WHAT THE EXERCISE ASKS = When you reach the line that contains "28 Boutique Hotel Patong Exterior photo", please begin copying, and carry on exactly to the last line of the material, leaving out every picture.

=== SUPPLIED DATA ===

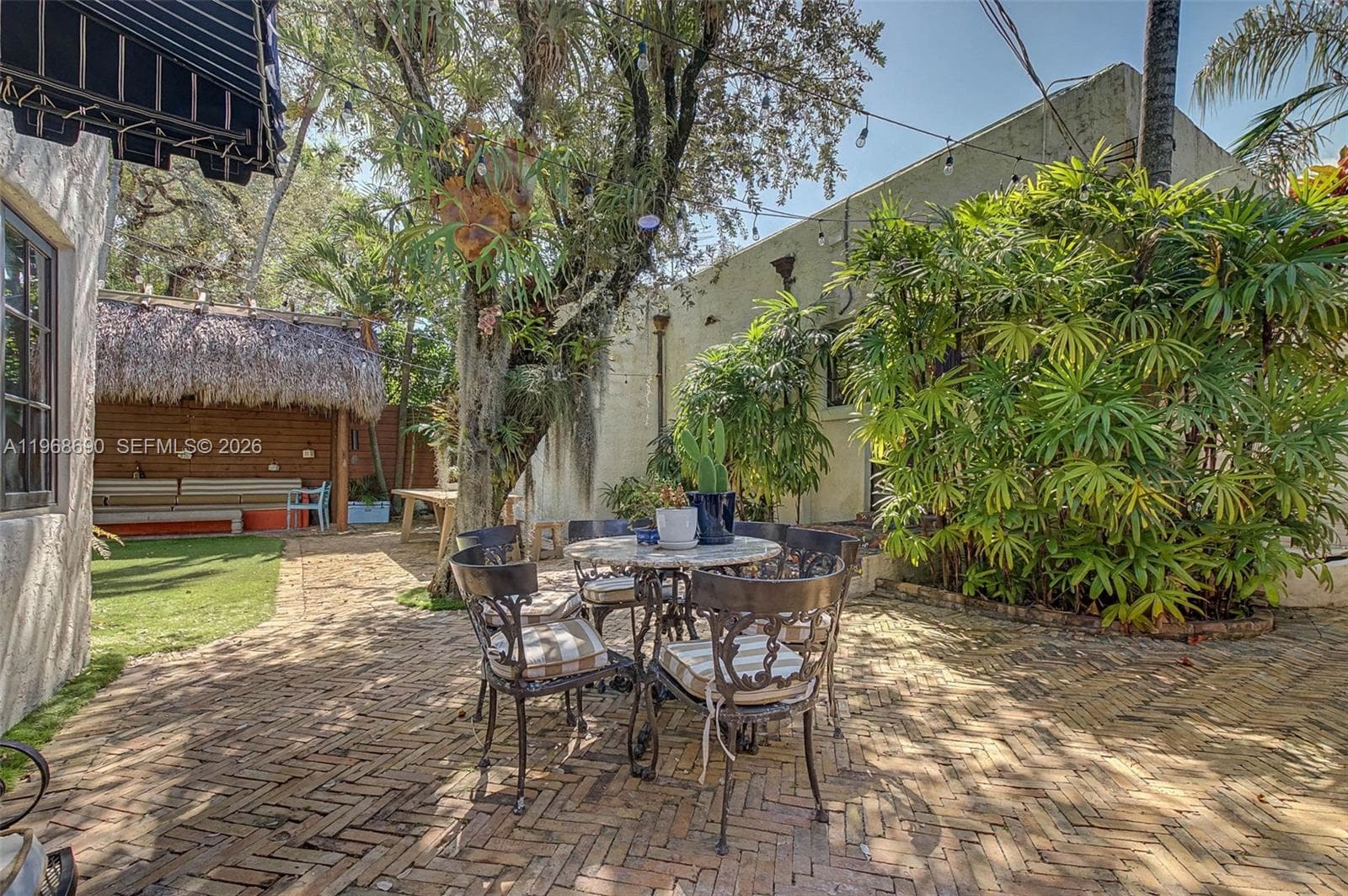 3233 Crystal Ct, Miami FL 33133 — 22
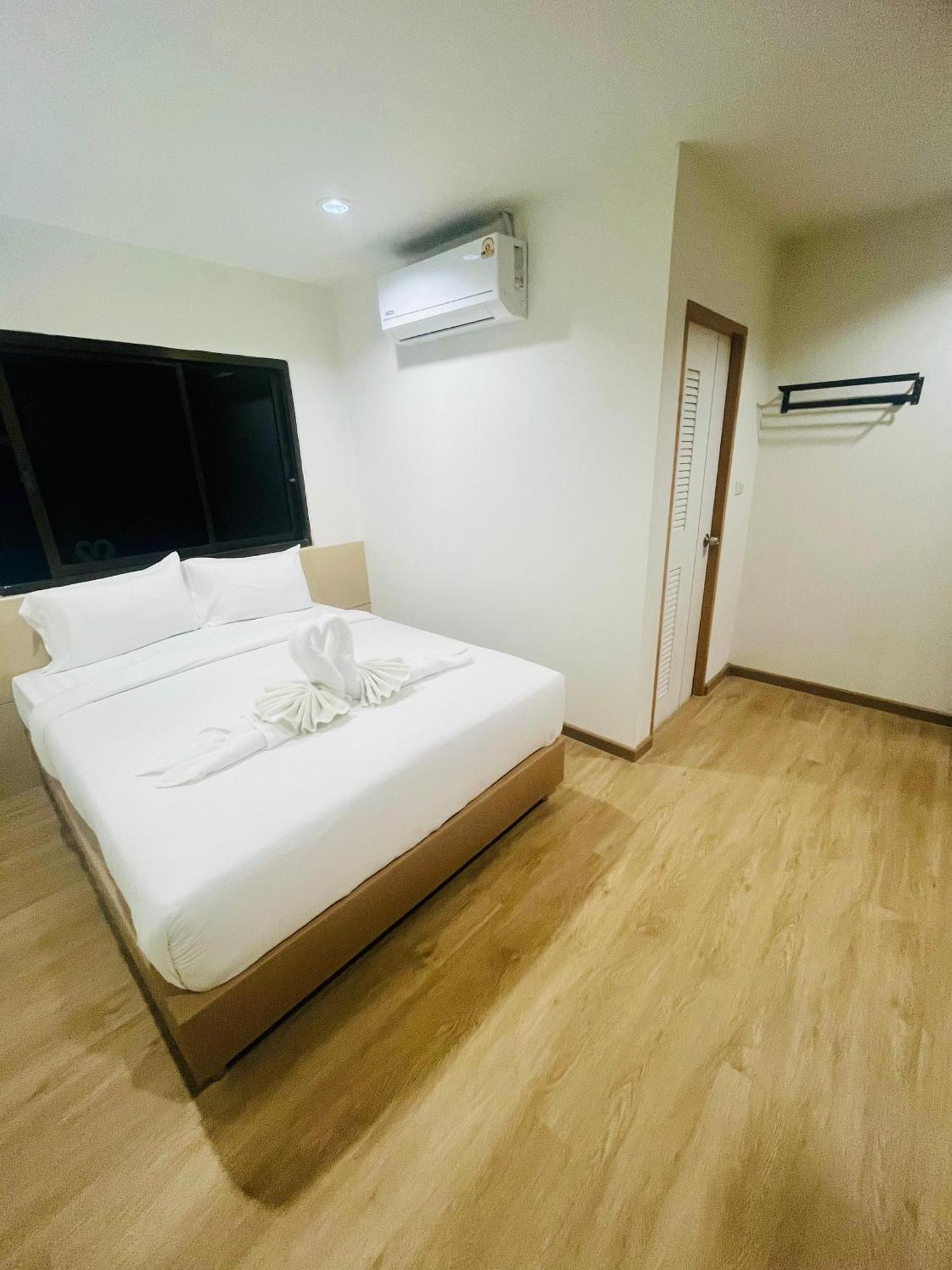 28 Boutique Hotel Patong Exterior photo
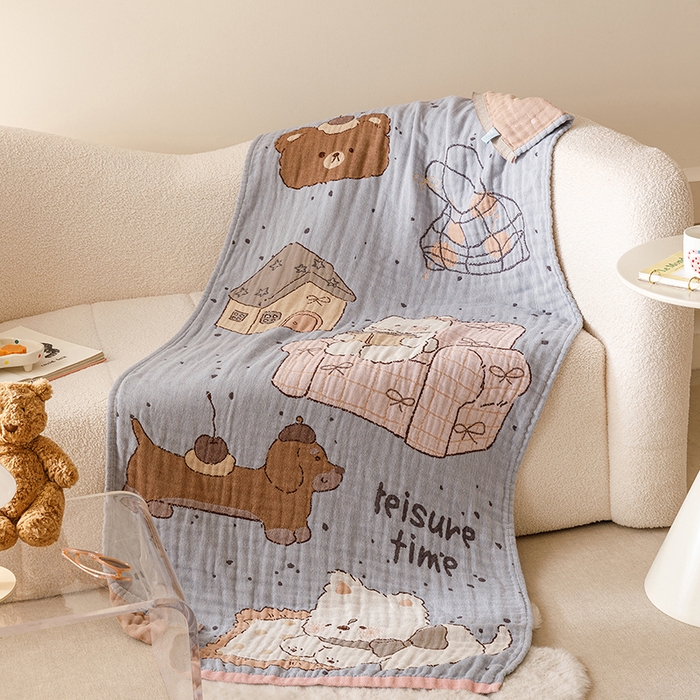 91家纺网 家纺一手货源 找家纺 麻依 2025新款全棉四层纱布浴巾披肩旅行毯 瞌睡狗狗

===

RESULT OF THIS EXERCISE =
 28 Boutique Hotel Patong Exterior photo
 91家纺网 家纺一手货源 找家纺 麻依 2025新款全棉四层纱布浴巾披肩旅行毯 瞌睡狗狗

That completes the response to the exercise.